DATA UNDER STUDY
=-=-=

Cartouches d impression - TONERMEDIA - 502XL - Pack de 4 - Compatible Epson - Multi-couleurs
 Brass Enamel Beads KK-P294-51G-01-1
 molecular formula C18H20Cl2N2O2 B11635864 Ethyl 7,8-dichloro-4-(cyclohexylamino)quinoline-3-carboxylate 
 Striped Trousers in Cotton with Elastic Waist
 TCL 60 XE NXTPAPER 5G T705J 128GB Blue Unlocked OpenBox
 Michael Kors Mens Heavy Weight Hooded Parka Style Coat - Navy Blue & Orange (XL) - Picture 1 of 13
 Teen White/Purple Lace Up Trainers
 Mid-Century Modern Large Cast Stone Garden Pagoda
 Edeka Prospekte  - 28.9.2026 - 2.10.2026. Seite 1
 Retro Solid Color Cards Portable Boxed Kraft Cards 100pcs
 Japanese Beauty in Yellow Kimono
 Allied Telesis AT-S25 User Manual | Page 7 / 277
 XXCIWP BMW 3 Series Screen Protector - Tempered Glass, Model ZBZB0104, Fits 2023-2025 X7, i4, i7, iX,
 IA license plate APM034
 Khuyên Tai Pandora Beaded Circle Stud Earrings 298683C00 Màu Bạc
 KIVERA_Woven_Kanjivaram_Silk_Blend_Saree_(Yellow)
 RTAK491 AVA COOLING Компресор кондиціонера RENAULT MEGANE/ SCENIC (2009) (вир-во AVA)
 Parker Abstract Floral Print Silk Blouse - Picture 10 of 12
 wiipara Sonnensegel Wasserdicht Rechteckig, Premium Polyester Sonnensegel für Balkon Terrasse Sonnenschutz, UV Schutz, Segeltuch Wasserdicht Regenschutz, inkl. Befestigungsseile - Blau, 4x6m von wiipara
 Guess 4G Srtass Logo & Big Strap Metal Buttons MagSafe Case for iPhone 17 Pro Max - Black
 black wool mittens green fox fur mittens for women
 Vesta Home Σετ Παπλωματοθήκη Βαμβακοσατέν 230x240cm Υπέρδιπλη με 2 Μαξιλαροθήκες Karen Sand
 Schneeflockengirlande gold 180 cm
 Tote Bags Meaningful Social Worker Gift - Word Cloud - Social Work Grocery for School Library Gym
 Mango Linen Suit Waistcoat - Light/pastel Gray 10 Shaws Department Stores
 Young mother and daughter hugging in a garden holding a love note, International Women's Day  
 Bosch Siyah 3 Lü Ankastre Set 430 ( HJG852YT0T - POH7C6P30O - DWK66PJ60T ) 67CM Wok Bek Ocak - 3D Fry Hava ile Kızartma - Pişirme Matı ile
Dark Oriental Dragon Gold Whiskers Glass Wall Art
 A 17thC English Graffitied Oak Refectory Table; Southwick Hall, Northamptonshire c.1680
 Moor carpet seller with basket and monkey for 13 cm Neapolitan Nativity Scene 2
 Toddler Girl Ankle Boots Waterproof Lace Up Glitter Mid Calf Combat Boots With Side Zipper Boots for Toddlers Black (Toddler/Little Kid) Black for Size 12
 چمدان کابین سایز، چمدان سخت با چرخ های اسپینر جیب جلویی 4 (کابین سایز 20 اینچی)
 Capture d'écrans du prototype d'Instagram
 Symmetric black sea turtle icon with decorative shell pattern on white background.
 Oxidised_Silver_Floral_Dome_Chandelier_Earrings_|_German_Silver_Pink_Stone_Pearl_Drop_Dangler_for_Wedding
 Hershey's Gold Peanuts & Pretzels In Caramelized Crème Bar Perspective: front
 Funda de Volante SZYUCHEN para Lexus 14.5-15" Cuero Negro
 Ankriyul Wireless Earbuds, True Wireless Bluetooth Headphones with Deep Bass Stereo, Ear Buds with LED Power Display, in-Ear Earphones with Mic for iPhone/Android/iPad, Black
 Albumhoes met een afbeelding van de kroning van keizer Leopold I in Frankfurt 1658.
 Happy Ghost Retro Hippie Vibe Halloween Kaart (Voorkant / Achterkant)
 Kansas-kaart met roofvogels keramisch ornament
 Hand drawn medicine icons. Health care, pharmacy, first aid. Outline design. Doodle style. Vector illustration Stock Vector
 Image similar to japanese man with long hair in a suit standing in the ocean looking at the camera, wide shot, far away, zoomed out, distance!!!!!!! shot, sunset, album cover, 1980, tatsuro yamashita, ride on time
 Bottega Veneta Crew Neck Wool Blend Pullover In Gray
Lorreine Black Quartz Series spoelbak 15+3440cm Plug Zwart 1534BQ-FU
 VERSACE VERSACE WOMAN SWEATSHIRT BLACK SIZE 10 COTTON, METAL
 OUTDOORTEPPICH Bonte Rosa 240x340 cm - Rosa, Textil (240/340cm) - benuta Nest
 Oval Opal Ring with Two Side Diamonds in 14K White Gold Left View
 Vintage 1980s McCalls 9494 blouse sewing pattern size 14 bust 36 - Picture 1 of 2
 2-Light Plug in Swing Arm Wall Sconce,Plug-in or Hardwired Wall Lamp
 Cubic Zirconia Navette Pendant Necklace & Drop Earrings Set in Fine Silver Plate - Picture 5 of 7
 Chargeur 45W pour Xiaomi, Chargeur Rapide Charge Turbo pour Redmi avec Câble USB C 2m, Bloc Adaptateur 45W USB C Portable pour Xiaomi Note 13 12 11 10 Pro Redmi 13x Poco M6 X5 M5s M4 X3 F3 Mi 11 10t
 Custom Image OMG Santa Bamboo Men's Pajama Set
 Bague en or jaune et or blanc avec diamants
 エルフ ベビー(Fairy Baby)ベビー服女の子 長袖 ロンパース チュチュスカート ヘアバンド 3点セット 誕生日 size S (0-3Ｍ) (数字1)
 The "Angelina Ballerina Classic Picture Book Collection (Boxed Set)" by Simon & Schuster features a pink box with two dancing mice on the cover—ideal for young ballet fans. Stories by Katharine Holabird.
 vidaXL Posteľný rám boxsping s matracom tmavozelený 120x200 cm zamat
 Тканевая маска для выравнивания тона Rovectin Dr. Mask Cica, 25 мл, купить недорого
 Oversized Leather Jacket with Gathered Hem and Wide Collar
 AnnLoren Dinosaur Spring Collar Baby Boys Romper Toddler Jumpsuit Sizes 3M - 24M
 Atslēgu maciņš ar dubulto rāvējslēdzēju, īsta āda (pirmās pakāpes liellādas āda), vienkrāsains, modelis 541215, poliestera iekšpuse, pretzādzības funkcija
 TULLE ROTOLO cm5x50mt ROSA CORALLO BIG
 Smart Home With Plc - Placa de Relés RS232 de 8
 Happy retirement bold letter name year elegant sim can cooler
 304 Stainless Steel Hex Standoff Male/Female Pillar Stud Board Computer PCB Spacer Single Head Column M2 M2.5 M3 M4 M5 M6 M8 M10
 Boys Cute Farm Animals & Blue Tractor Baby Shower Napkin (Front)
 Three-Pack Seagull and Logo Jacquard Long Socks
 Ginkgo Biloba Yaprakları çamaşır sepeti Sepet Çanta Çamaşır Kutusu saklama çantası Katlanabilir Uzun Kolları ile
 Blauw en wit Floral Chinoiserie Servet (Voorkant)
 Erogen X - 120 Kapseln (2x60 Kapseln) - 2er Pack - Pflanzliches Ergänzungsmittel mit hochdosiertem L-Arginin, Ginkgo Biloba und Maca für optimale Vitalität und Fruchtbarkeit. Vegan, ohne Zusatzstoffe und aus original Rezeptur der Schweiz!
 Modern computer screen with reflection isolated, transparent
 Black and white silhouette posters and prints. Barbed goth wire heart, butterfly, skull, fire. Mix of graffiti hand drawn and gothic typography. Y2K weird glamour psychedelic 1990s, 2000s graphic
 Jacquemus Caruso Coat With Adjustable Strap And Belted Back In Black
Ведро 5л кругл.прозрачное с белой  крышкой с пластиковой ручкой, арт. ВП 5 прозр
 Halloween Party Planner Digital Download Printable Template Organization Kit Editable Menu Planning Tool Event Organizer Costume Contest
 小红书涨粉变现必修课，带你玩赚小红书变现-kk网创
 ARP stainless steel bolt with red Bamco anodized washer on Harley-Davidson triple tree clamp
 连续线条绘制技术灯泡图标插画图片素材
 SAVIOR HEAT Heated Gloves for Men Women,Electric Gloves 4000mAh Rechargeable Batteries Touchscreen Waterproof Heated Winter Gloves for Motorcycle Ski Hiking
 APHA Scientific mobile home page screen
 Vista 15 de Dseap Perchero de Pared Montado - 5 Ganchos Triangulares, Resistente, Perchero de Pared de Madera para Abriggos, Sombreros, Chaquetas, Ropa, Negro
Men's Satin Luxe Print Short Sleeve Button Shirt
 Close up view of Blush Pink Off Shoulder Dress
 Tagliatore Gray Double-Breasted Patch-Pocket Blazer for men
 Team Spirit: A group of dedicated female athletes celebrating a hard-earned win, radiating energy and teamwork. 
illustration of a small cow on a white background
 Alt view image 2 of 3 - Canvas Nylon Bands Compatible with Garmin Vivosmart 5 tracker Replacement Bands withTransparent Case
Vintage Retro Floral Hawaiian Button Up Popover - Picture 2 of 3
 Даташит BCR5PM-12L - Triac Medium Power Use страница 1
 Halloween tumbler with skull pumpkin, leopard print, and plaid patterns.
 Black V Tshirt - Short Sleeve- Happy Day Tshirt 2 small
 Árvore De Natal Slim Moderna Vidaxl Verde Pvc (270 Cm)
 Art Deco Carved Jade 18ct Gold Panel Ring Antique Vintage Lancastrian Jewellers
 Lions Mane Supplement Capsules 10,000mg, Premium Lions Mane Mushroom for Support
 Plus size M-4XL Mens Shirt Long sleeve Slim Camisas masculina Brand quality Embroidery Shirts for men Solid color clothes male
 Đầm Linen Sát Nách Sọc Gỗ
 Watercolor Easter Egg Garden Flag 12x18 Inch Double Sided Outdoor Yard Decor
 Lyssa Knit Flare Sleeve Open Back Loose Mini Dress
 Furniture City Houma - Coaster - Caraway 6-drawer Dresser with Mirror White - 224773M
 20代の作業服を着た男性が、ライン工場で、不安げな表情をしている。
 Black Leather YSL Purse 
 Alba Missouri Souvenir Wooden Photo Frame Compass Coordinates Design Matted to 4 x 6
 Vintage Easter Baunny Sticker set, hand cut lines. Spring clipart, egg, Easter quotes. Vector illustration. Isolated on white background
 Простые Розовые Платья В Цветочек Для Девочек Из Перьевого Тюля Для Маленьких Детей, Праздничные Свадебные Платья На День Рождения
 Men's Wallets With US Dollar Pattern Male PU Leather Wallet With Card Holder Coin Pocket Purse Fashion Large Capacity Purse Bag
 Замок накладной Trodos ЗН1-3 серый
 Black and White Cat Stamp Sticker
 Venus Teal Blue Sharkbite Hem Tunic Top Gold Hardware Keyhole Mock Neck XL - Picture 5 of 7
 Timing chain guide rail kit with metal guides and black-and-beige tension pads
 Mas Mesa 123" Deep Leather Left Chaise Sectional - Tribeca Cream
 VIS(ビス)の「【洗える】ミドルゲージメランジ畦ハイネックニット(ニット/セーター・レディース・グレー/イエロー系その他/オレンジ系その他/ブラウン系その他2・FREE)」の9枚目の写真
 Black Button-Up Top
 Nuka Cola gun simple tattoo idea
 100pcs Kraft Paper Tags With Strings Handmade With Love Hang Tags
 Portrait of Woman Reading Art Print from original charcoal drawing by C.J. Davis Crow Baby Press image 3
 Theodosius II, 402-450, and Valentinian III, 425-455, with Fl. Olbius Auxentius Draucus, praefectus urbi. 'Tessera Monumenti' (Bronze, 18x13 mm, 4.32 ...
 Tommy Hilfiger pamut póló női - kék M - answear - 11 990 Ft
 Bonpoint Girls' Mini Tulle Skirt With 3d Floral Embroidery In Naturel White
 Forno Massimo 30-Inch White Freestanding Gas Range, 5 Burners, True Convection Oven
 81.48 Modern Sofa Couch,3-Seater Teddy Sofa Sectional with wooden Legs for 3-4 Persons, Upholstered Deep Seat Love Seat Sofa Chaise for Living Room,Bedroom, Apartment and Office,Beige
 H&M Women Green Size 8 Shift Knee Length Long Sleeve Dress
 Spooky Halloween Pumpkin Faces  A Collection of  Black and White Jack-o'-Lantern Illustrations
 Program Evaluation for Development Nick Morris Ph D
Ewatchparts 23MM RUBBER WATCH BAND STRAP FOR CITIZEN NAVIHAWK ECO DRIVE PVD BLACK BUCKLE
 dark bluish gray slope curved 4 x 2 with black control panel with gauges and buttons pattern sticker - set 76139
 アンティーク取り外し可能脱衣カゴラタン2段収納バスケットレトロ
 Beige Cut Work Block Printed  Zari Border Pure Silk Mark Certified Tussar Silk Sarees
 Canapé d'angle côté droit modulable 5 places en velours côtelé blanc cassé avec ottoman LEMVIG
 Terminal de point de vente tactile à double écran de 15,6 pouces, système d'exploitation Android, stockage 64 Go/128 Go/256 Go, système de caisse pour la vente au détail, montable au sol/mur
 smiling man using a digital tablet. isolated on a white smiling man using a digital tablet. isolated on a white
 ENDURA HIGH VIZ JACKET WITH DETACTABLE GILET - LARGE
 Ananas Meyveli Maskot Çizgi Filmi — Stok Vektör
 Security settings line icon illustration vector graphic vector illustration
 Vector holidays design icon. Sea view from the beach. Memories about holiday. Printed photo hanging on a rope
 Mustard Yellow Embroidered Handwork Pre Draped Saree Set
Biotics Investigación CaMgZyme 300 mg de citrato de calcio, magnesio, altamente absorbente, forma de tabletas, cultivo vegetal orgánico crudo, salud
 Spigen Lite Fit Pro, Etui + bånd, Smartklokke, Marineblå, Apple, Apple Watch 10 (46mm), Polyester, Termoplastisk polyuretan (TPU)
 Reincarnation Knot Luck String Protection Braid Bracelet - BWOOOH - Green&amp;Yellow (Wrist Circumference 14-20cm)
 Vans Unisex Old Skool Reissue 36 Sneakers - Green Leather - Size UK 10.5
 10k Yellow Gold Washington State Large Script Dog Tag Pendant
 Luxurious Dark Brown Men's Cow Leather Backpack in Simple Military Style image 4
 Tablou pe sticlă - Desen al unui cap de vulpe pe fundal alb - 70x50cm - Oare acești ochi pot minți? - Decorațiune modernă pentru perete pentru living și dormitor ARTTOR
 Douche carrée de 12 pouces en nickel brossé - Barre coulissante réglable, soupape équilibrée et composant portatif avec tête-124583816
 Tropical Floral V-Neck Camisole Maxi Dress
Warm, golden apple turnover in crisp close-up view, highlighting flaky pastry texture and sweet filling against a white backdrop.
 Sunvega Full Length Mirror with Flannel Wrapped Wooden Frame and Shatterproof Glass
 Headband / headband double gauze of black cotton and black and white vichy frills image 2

=-=-=

WORK REQUIRED
In the material above, find the line containing "Black V Tshirt" and the line containing "Portrait of Woman", then write out exactly those two lines and every line between them, and nothing more.

TASK RESPONSE
 Black V Tshirt - Short Sleeve- Happy Day Tshirt 2 small
 Árvore De Natal Slim Moderna Vidaxl Verde Pvc (270 Cm)
 Art Deco Carved Jade 18ct Gold Panel Ring Antique Vintage Lancastrian Jewellers
 Lions Mane Supplement Capsules 10,000mg, Premium Lions Mane Mushroom for Support
 Plus size M-4XL Mens Shirt Long sleeve Slim Camisas masculina Brand quality Embroidery Shirts for men Solid color clothes male
 Đầm Linen Sát Nách Sọc Gỗ
 Watercolor Easter Egg Garden Flag 12x18 Inch Double Sided Outdoor Yard Decor
 Lyssa Knit Flare Sleeve Open Back Loose Mini Dress
 Furniture City Houma - Coaster - Caraway 6-drawer Dresser with Mirror White - 224773M
 20代の作業服を着た男性が、ライン工場で、不安げな表情をしている。
 Black Leather YSL Purse 
 Alba Missouri Souvenir Wooden Photo Frame Compass Coordinates Design Matted to 4 x 6
 Vintage Easter Baunny Sticker set, hand cut lines. Spring clipart, egg, Easter quotes. Vector illustration. Isolated on white background
 Простые Розовые Платья В Цветочек Для Девочек Из Перьевого Тюля Для Маленьких Детей, Праздничные Свадебные Платья На День Рождения
 Men's Wallets With US Dollar Pattern Male PU Leather Wallet With Card Holder Coin Pocket Purse Fashion Large Capacity Purse Bag
 Замок накладной Trodos ЗН1-3 серый
 Black and White Cat Stamp Sticker
 Venus Teal Blue Sharkbite Hem Tunic Top Gold Hardware Keyhole Mock Neck XL - Picture 5 of 7
 Timing chain guide rail kit with metal guides and black-and-beige tension pads
 Mas Mesa 123" Deep Leather Left Chaise Sectional - Tribeca Cream
 VIS(ビス)の「【洗える】ミドルゲージメランジ畦ハイネックニット(ニット/セーター・レディース・グレー/イエロー系その他/オレンジ系その他/ブラウン系その他2・FREE)」の9枚目の写真
 Black Button-Up Top
 Nuka Cola gun simple tattoo idea
 100pcs Kraft Paper Tags With Strings Handmade With Love Hang Tags
 Portrait of Woman Reading Art Print from original charcoal drawing by C.J. Davis Crow Baby Press image 3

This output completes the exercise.